[Supplied material Boundary: Start]
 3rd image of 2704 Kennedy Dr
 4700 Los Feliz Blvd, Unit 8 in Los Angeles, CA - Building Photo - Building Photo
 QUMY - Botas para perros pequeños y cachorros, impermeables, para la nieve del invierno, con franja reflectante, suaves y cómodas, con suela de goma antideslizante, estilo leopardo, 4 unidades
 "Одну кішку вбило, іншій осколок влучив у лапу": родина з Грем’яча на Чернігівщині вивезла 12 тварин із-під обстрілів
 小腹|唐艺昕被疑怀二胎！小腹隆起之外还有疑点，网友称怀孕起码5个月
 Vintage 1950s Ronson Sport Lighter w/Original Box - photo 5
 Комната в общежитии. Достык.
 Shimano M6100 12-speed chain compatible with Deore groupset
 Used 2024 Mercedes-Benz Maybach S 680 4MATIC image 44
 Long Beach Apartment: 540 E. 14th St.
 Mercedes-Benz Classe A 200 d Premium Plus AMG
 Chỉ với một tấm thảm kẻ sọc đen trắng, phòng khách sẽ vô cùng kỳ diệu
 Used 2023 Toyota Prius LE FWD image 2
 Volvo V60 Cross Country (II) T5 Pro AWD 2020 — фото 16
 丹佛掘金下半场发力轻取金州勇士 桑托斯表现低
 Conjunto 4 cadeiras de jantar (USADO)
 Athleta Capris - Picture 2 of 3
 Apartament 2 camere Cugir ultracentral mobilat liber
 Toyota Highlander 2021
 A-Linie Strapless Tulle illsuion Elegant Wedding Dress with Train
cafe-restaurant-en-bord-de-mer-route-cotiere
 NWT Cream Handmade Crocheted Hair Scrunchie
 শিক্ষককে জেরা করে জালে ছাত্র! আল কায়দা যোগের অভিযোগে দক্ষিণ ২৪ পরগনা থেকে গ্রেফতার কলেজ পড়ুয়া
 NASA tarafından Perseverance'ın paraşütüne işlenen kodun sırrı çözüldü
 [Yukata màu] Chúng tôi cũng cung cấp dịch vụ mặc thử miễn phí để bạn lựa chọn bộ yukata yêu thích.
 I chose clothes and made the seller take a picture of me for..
[Supplied material Boundary: End]
> Goal of the exercise
Begin at the first line of the records above and quote every line verbatim through the one that contains "Chỉ với một".

> Response area
 3rd image of 2704 Kennedy Dr
 4700 Los Feliz Blvd, Unit 8 in Los Angeles, CA - Building Photo - Building Photo
 QUMY - Botas para perros pequeños y cachorros, impermeables, para la nieve del invierno, con franja reflectante, suaves y cómodas, con suela de goma antideslizante, estilo leopardo, 4 unidades
 "Одну кішку вбило, іншій осколок влучив у лапу": родина з Грем’яча на Чернігівщині вивезла 12 тварин із-під обстрілів
 小腹|唐艺昕被疑怀二胎！小腹隆起之外还有疑点，网友称怀孕起码5个月
 Vintage 1950s Ronson Sport Lighter w/Original Box - photo 5
 Комната в общежитии. Достык.
 Shimano M6100 12-speed chain compatible with Deore groupset
 Used 2024 Mercedes-Benz Maybach S 680 4MATIC image 44
 Long Beach Apartment: 540 E. 14th St.
 Mercedes-Benz Classe A 200 d Premium Plus AMG
 Chỉ với một tấm thảm kẻ sọc đen trắng, phòng khách sẽ vô cùng kỳ diệu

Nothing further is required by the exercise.